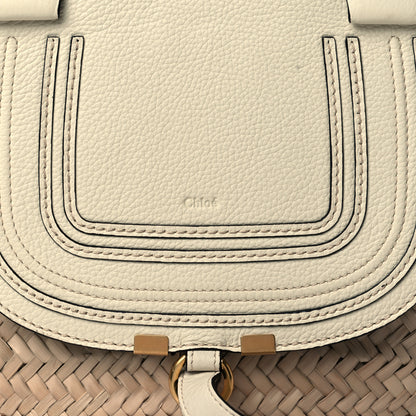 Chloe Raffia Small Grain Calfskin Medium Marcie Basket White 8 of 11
* * *
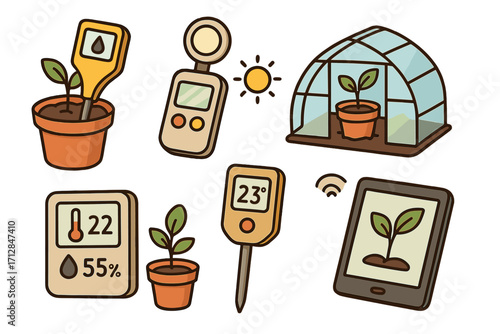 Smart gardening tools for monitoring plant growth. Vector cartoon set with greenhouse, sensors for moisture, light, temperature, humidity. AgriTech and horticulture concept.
* * *
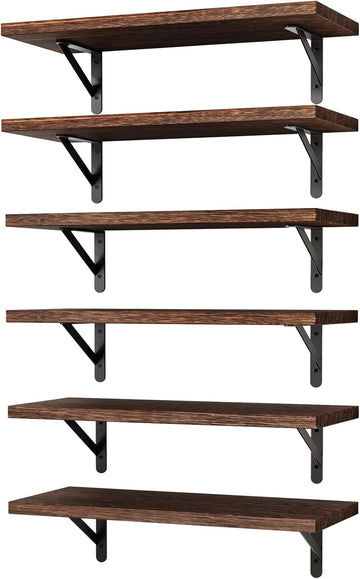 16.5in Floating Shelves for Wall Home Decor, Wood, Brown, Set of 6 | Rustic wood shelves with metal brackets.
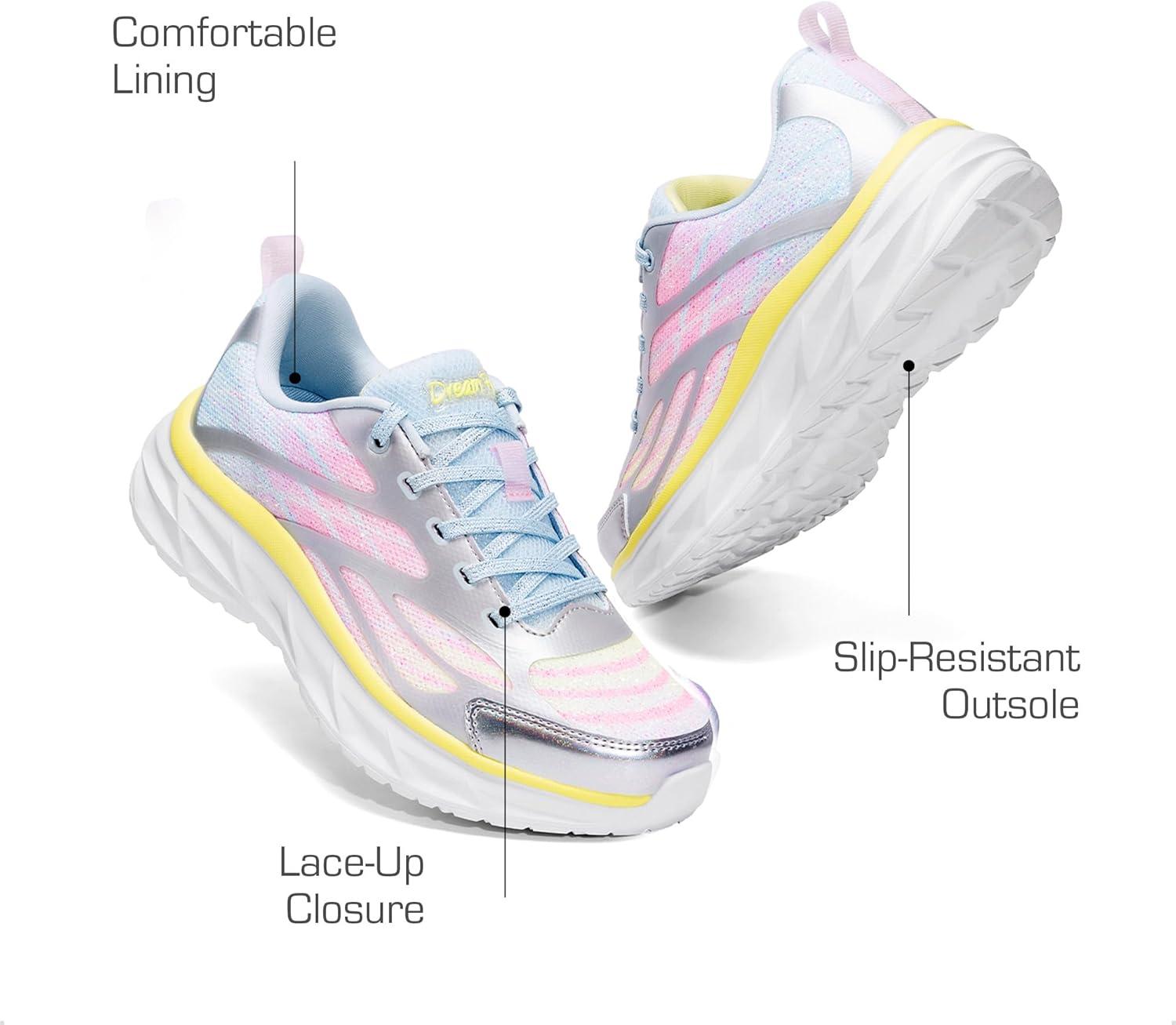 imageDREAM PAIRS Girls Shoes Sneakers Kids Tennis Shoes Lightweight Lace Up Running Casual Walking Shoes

- Problem requirements -
Give back, exactly and without pictures, the stretch of the records above from the line containing "16.5in Floating Shelves" through the line containing "imageDREAM PAIRS Girls", with both end lines included.

- Result -
 16.5in Floating Shelves for Wall Home Decor, Wood, Brown, Set of 6 | Rustic wood shelves with metal brackets.
 imageDREAM PAIRS Girls Shoes Sneakers Kids Tennis Shoes Lightweight Lace Up Running Casual Walking Shoes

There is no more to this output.